When excluding energy and construction, core industrial production rose by 1.4 percent, with capital goods leading the way (4.1 percent), followed by consumer goods (0.5 percent). Nonetheless, intermediate goods production fell by 2.1 percent, reflecting lingering supply chain bottlenecks or weaker demand in upstream sectors.
A concerning trend is the continued contraction in energy-intensive industries, which declined by 1.8 percent in May alone and stood 4.8 percent below their May 2024 levels. This suggests that elevated energy costs or structural shifts in energy policy are weighing heavily on these segments.

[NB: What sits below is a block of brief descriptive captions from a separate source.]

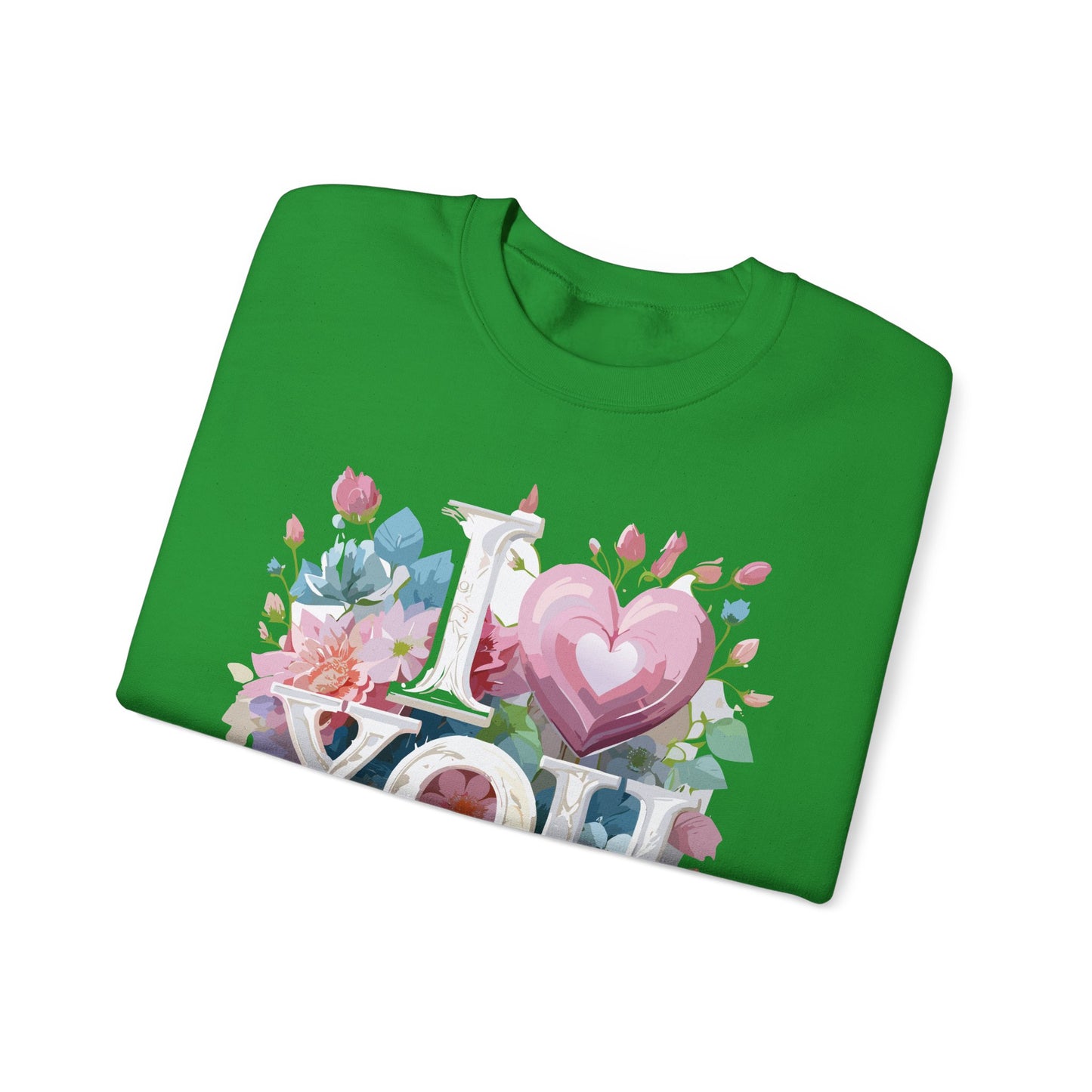 Floral Love Sweatshirt, Valentine's Day Sweatshirt, Love Flower Sweatshirt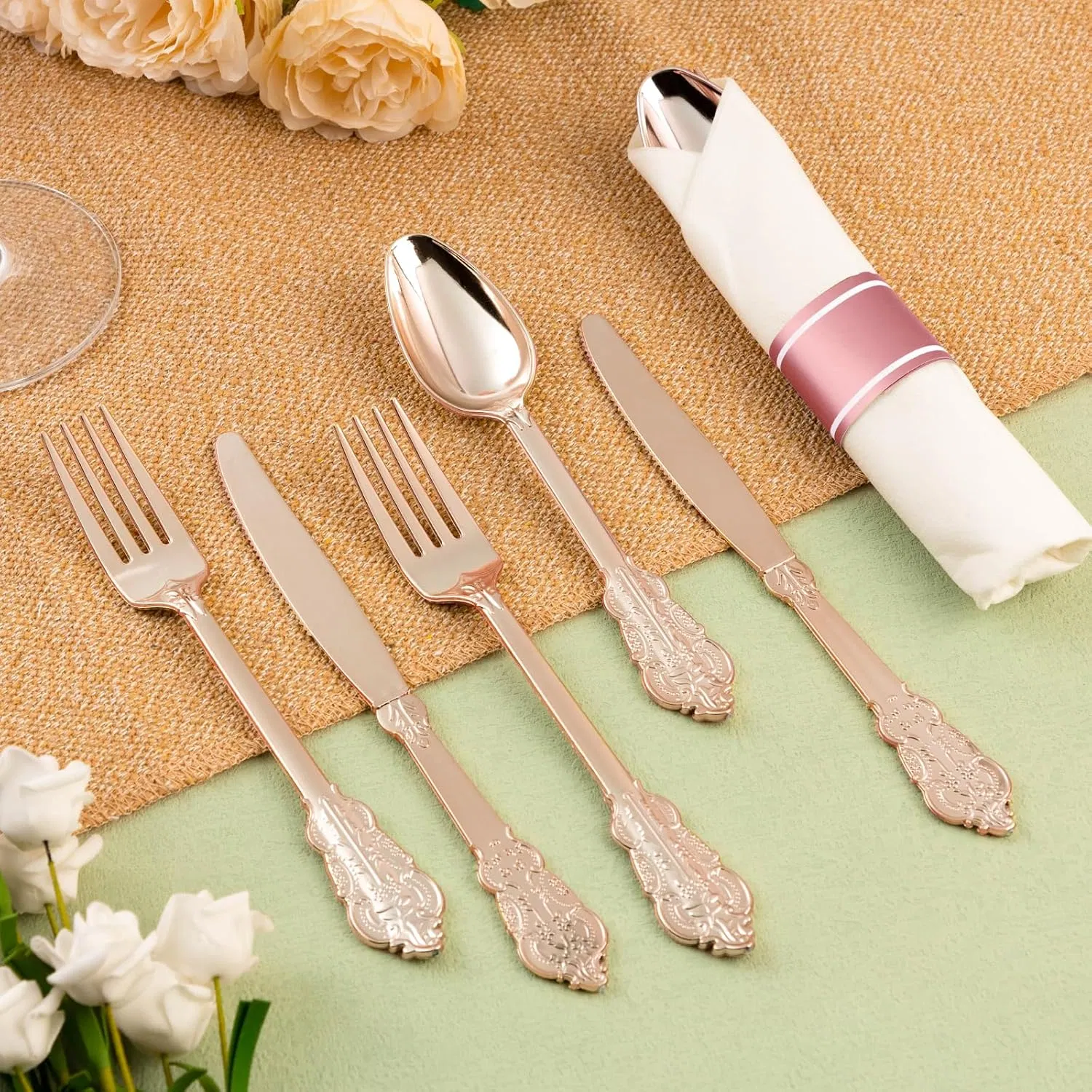 Elegant Rose Gold Heavy Duty Disposable Cutlery Set for Parties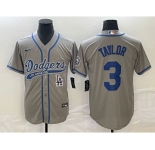 Men's Los Angeles Dodgers #3 Chris Taylor Grey With Patch Cool Base Stitched Baseball Jersey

Overall, the sector is showing a tentative recovery, but the uneven performance across sub-sectors points to fragility and the need for policy support to sustain momentum.
US Review
FOMC Continues Watch for Labor Market Weakness Vs. Inflation Threat
By Theresa Sheehan, Econoday Economist
As the release of the minutes of the June 17-18 FOMC meeting reinforced, Fed policymakers are faced with the problem of judging the risks associated with a weakening labor market versus renewed upward price pressures from tariffs.
The June employment report released July 3 showed slower hiring and a smaller labor force. In assessing labor market conditions, the FOMC will have to determine if a still low national unemployment rate of 4.1 percent is an accurate reflection of the jobs market. If the US economy is heading into a recession, rising unemployment may not be the red flag it usually is when the economy enters a downturn. Does the lack of a rising unemployment rate mean no recession on the horizon? Or will the FOMC take more note if payrolls stop growing enough to absorb new entrants and the unemployed in the labor force?
And are there any signs that payrolls will start shrinking due to layoff activity? At present, weekly jobless claims remain low in the historical context. New claims are down 5,000 to 227,000 in the July 5 week in the latest report. However, the seasonal adjustment factors for early- to mid-July anticipate a lot of short-term layoffs, mostly in the auto sector for the annual retooling period. This may not be happening on the scale it usually does, so new claims are going to look soft for another week or two.
There’s a hint of lengthening periods of unemployment in the insured claims data as it settles into a new trend level just below the 2.0 million mark. The insured rate of unemployment is now trending a bit higher than in the prior two years with a reading of 1.3 percent for the past five weeks.
The changes are small, but then history tells us that among those applying for unemployment and those receiving it, the peak numbers occur when a recession is already well in place.